● **Records to process**:
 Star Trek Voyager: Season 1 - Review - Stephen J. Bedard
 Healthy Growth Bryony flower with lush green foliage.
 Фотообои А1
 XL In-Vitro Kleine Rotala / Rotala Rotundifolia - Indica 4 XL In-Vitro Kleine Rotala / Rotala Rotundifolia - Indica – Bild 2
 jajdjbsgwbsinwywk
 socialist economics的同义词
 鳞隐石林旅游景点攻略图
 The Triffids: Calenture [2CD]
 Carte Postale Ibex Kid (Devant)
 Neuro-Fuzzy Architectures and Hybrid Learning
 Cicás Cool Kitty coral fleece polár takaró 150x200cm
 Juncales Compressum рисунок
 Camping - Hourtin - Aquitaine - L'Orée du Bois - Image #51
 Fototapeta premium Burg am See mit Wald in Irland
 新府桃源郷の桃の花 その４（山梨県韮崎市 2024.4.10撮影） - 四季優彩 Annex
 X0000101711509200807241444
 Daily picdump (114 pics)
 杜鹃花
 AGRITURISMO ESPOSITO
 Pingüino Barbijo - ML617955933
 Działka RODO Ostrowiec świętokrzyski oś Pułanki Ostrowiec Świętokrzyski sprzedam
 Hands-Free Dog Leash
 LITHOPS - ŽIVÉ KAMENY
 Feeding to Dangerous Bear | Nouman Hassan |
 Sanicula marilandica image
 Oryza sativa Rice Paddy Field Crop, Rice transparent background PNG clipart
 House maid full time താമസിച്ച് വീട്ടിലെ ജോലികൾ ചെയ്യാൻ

● **Task**:
Every word in the records must appear in your copy exactly as it does above.

● **Expected answer**:
 Star Trek Voyager: Season 1 - Review - Stephen J. Bedard
 Healthy Growth Bryony flower with lush green foliage.
 Фотообои А1
 XL In-Vitro Kleine Rotala / Rotala Rotundifolia - Indica 4 XL In-Vitro Kleine Rotala / Rotala Rotundifolia - Indica – Bild 2
 jajdjbsgwbsinwywk
 socialist economics的同义词
 鳞隐石林旅游景点攻略图
 The Triffids: Calenture [2CD]
 Carte Postale Ibex Kid (Devant)
 Neuro-Fuzzy Architectures and Hybrid Learning
 Cicás Cool Kitty coral fleece polár takaró 150x200cm
 Juncales Compressum рисунок
 Camping - Hourtin - Aquitaine - L'Orée du Bois - Image #51
 Fototapeta premium Burg am See mit Wald in Irland
 新府桃源郷の桃の花 その４（山梨県韮崎市 2024.4.10撮影） - 四季優彩 Annex
 X0000101711509200807241444
 Daily picdump (114 pics)
 杜鹃花
 AGRITURISMO ESPOSITO
 Pingüino Barbijo - ML617955933
 Działka RODO Ostrowiec świętokrzyski oś Pułanki Ostrowiec Świętokrzyski sprzedam
 Hands-Free Dog Leash
 LITHOPS - ŽIVÉ KAMENY
 Feeding to Dangerous Bear | Nouman Hassan |
 Sanicula marilandica image
 Oryza sativa Rice Paddy Field Crop, Rice transparent background PNG clipart
 House maid full time താമസിച്ച് വീട്ടിലെ ജോലികൾ ചെയ്യാൻ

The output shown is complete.